LitStack Review: The Girl on the Train by Paula Hawkins

by Sharon Browning

The Girl on the TrainPaula Hopkins
Paula Hawkins
Riverhead Books
Release Date:  January 13, 2015
ISBN 978-1-59463-366-9

Rachel Watson may not have hit rock bottom yet, but she’s pretty darned close.  Her husband Tom divorced her after having an affair and then marrying “the other woman”.  She had started drinking back when she and Tom had tried and failed to start a family; now drinking is a constant part of her life, and it’s often not a pretty thing.  She lost her job after a three hour liquid lunch and an embarrassing drunken harassment of a client.  She’s getting older, she’s getting heavier, she’s disappointed virtually everyone she knows, and yet she just can’t give up the past, she just can’t seem to move on.

She lives in the second bedroom of a kind-of friend from college, Cathy; it was only supposed to be for a few months, until she got back on her feet after the divorce, but now it’s been two years.  In order to hide her job loss from Cath, Rachel rides the train to and from London every week day:  the 8:04 in the morning, and the 5:56 in the evening.

Riding the train has become the only dependable thing in Rachel’s life.  She takes comfort in seeing the same faces every day, even if she doesn’t interact with them.  She enjoys seeing the same houses go by (one of them is the house she used to own with Tom; he still lives there, now with the “other woman”, Anna, and their infant daughter).  But her favorite house to watch is the one that is across from the signal light where the train often has to sit for a few minutes before moving on.  It is just up the street from her former home, and in it live a young couple that she has dubbed “Jason” and “Jess”.  In her imagination Jason is a kind, protective doctor helping others in times of need;  blonde, waifish Jess must have been an artist, or in the fashion industry.  In Rachel’s mind, they love each other very much; in fact, she believes that they are the perfect, golden couple.

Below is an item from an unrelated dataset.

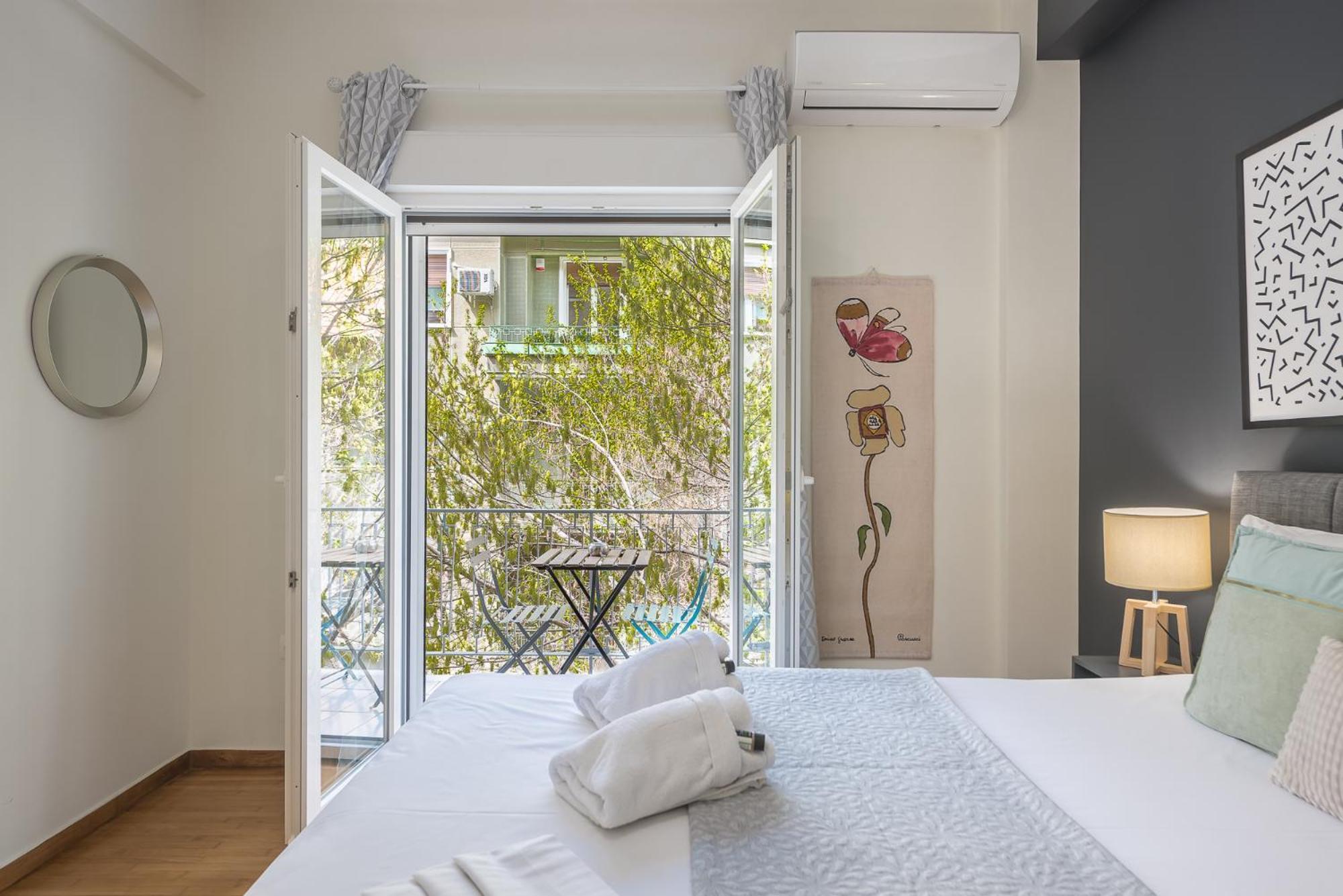 Elegant Suite By Cloudkeys Athens Exterior photo
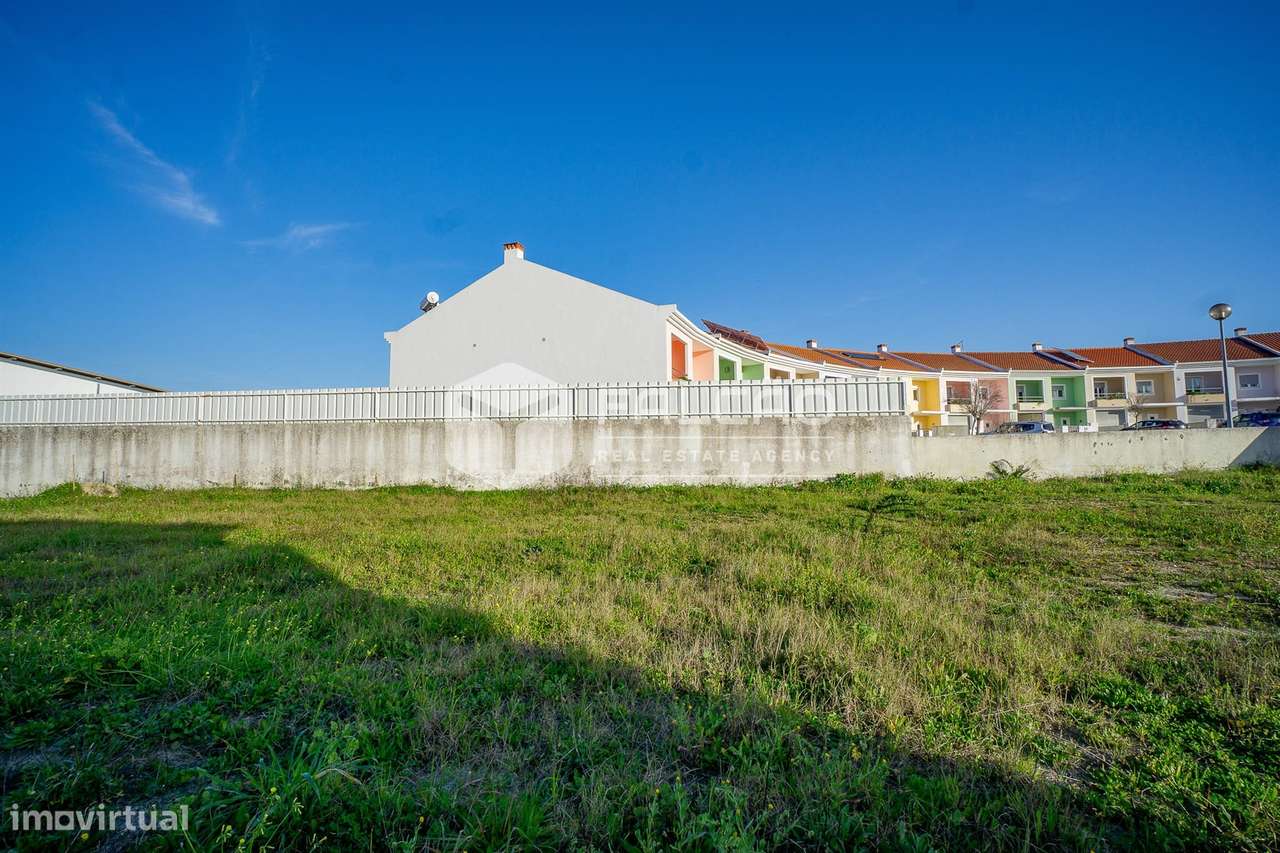 Lote com projeto - Grande imagem: 3/33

While we’re stuck at the red signal, I look for them.  Jess is often out there in the mornings, especially in the summer, drinking her coffee.  Sometimes, when I see her there, I feel as though she sees me, too.  I feel as though she looks right back at me, and I want to wave.  I’m too self-conscious.  I don’t see Jason quite so much, he’s away a lot with work.  But even if they’re not there, I think about what they might be up to.  Maybe this morning they’ve both got the day off and she’s lying in bed while he makes breakfast, or maybe they’ve gone for a run together, because that’s the sort of thing they do.  (Tom and I used to run together on Sundays, me going at slightly above my normal pace, him at about half his, just so we could run side by side.)  Maybe Jess is upstairs in the spare room, painting, or maybe they’re in the shower together, her hands pressed against the tiles, his hands on her hips.

Then one Friday morning, Rachel sees Jess in her garden but the man with her isn’t Jason.  (“He’s a family friend; he’s her brother or Jason’s brother… He’s a cousin from Australia, staying a couple of weeks; he’s Jason’s oldest friend, best man at their wedding.”)  But then they kiss “long and deep”, and the train pulls away from the light, with Rachel’s world rocked to its core as her carefully crafted illusions start to shatter.  And that’s only the beginning of what is to come, as  the next day, the woman that Rachel has christened Jess disappears.

The Girl on the Train is a riveting, fast paced psychological thriller that seems simplistic on the surface, but continues to lead the reader down a rabbit hole where nothing can be assumed or taken at face value.  Told from three different viewpoints – Rachel, Megan (aka “Jess”) and Anna (the “other woman”) – insights intersect but never interact, and every time a piece of the puzzle is pushed into place, another level of complexity is revealed.

While there are no overt red herrings in The Girl on the Train, because we see the story unfold from the eyes of broken, fragmented people, we are only given broken, fragmented information to go on.  At times this can be frustrating (for instance, Rachel constantly promises herself and others that she will stop drinking merely to rationalize her way to a drunken bender a few days – or hours – later, which almost without exception undermines whatever intentions she may have had – you want to just take her by the shoulders and shake her until she realizes how stupid she’s being), but then we realize that this, too, is part of the larger story.  This is human frailty.  This is how life often plays out, not just how its plays out in the pages of a mystery novel.

And the pacing of the novel is exceptional.  Just when we feel like we’re going in circles, the center starts to unravel and the action accelerates, with some answers clicking into place but others blossoming anew.  The ending of the book is quite amazing because it hits at so many different levels – sometimes at assumptions we didn’t realize we were carrying until they are dispelled.  That, my friends, is mighty fine writing.